We are not in normal times, that much is clear. How else to explain the chancellor of the governing Conservative party approaching the dispatch box in the House of Commons to deliver spending plans totalling £30 billion.

The economy has been kept on life support for the past few months. The Job Retention Scheme (JRS) has been one of the largest government interventions in economic policy in living memory. But it is not a policy that can remain in place in perpetuity.

Focus is now turning back to how the government can revive the economy over both the short and long term.

The challenges around unemployment, falling job vacancies, and declining productivity are greater now than at any point in the past 90 years.


Williamson: England to get ‘German-style’ FE system

More: What the chancellor’s plans mean for FE and skills

Background: Colleges should set up temporary job centres


In addressing all these challenges, colleges are willing and able to help - to meet the challenge Gavin Williamson set out in his speech last week. Further education colleges have a lot to offer. Much more than some policy makers might assume. The role that colleges play delivering training programmes of all shapes and sizes will be evident. But colleges can also harness their status as civically minded institutions at the heart of their communities and with links into hundreds of thousands of employers.

Skills and jobs hubs

Over the past few months, Collab Group has been working with our college members to think about how further education can contribute to the economic recovery effort and this week we sent those ideas to government in the form of a value proposition.

We have set out several areas where our colleges are well placed to leverage their expertise to create new opportunities; these include providing support to job seekers, providing upskilling and retraining programmes as well as job placement and recruitment support.

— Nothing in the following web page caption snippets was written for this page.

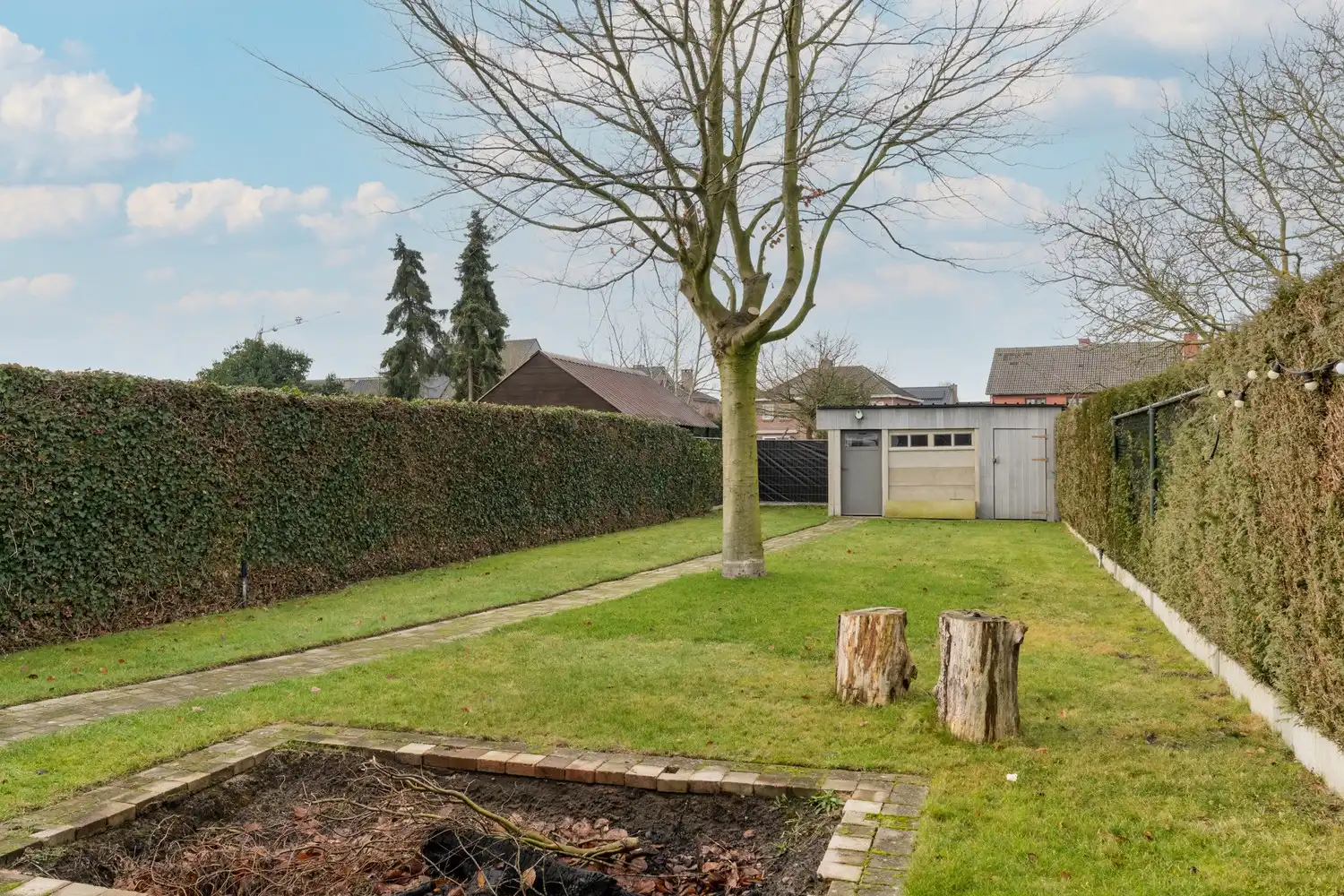 Bekende frituur met super mooi duplex appartement en zwembad te Achel foto 59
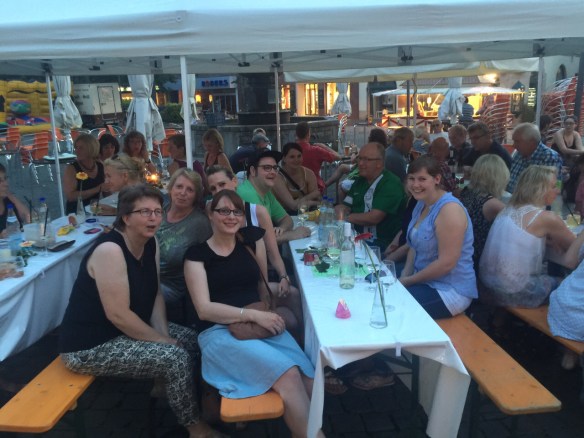 Fröhliche und weinseelige Stimmung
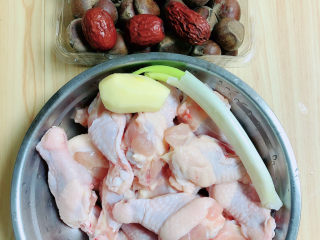 板栗烧鸡翅,准备好食材。鸡翅根、生板栗、红枣、葱姜。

Collab Group supports the creation of what the CBI refers to as “skills and jobs hubs”. As unemployment will likely rise once the JRS is ended in October, the Department for Work and Pensions (DWP) will need to increase its support capacity. This was reflected in the billion pounds given to the department by the chancellor last week. Over the past few years, Jobcentre Plus (JCP) has operated in an economy of near full employment. If we do experience a tsunami of unemployment on the same level as the 1980s, or perhaps worse, local JCP capacity will be critical.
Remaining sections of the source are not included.